Use this tool to return the full content of a specifc page given the page ID. This can be used if the
retrieved passages from the `retrieve_from_manual` tool contain a passage from a relevant page but are
missing additional relevant content typically found in a different passage in the same page.
Args:
page_id (str): the page ID of the relevant page.
Returns:
str: the full content of the specified page, or a helpful message if not found.
"""
markdown_dir = Path("data/processed_data")
max_body_chars = 125000 # safety character limit for very large files (applied to content body only)
# Sanitize page_id to prevent path traversal / weird chars
safe_id = re.sub(r"[^0-9A-Za-z_-]", "", str(page_id).strip())
if not safe_id:
return "No page_id provided (or it contained only invalid characters)."
try:
# 1) Exact prefix match: {page_id}_*.md
prefix_matches = sorted(
markdown_dir.rglob(f"{safe_id}_*.md"),
key=lambda p: len(p.name)
)
candidates = prefix_matches
# 2) Fallback: fuzzy match anywhere in the name
if not candidates:
fuzzy_matches = sorted(
markdown_dir.rglob(f"*{safe_id}*.md"),
key=lambda p: len(p.name)
)
candidates = fuzzy_matches
if not candidates:
return f"No Markdown file found for page_id '{safe_id}'."
# Prefer shortest filename on the assumption it's the canonical page file
target = candidates[0]
# Async file read via thread (keeps event loop responsive)
raw_text = target.read_text
meta, body = _parse_frontmatter(raw_text)
# Truncate BODY only (keep header intact)
truncated = False
if len(body) > max_body_chars:
body = body[:max_body_chars] + "\n\n…(truncated)…"
truncated = True
# Assemble the final output format
header_lines = [
"Here is the full content of the page:",
"",
f"Page ID: {meta.get('page_id', safe_id)}",
f"Page URL: {meta.get('url', 'N/A')}",
f"Module: {meta.get('module', 'N/A')}",
"",
]
full_page = "\n".join(header_lines) + body
return full_page
except Exception as e:
return f"Failed to load page '{safe_id}': {e}"

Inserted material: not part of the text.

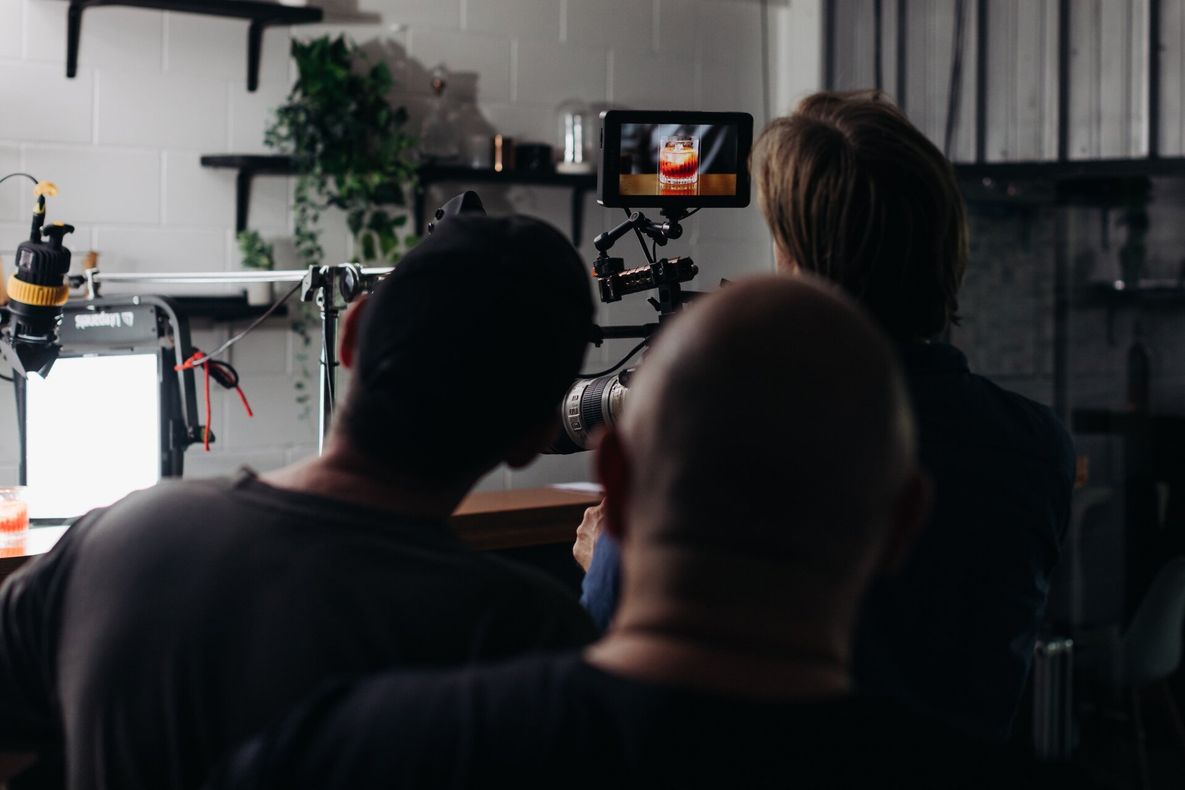 A group of people are watching a video on a camera.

# --------------------------------------------------------------------------------------------------------------------------
# Dynamic system prompt definition
# --------------------------------------------------------------------------------------------------------------------------
@dynamic_prompt
def dynamic_context_system_prompt(request: ModelRequest) -> str:
"""Create the Agent's system prompt using dynamic context via @dynamic_prompt wrapper"""

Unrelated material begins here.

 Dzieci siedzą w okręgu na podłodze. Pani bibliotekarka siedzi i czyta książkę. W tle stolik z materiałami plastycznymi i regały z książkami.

version = request.runtime.context.version
system_prompt = f"""
(*Big system prompt describing behavior and tool use*)
"""
return system_prompt
# --------------------------------------------------------------------------------------------------------------------------
# Compiling LangChain Agent
# --------------------------------------------------------------------------------------------------------------------------
def build_agent():
"""Compile the LangChain Agent and set the global `rag_agent`"""
rag_agent = create_agent(
model=llm,
tools=[
retrieve_from_manual,
get_full_page,
],
middleware=[
dynamic_context_system_prompt,
],
context_schema=Context,
checkpointer=InMemorySaver(serde=JsonPlusSerializer(pickle_fallback=True)),
)
return rag_agent
if __name__ == "__main__":
rag_agent = build_agent()
# Runtime context for the agent
context = {
"user_name": "Adam",
"language": "en",
"version": "11.0",
}
thread_id = 123
print("\nStarting interactive demo. Type 'quit' to exit.\n")
while True:
user_input = input("\nUser: ").strip()
if user_input.lower() in ("quit", "exit"):
print("Exiting demo.")
break
user_msg = HumanMessage(content=user_input)
state = {"messages": [user_msg]}
print("\n--- STREAM OUTPUT ---")
prev_len = 0
for step in rag_agent.stream(input=state, config={"configurable": {"thread_id": thread_id}, "recursion_limit": 75}, context=context, stream_mode="values"):
### Values stream_mode ###
messages = step["messages"]
# Only print when a new message was appended
if len(messages) <= prev_len:
continue
prev_len = len(messages)
last_message = messages[-1]
last_message.pretty_print()
I don’t think this is an issue with the printing in the terminal, because I also have a version which is integrated in a FastAPI backend and a TypeScript frontend, and the same issue happens there.
If anyone is able to help that would be much appreciated!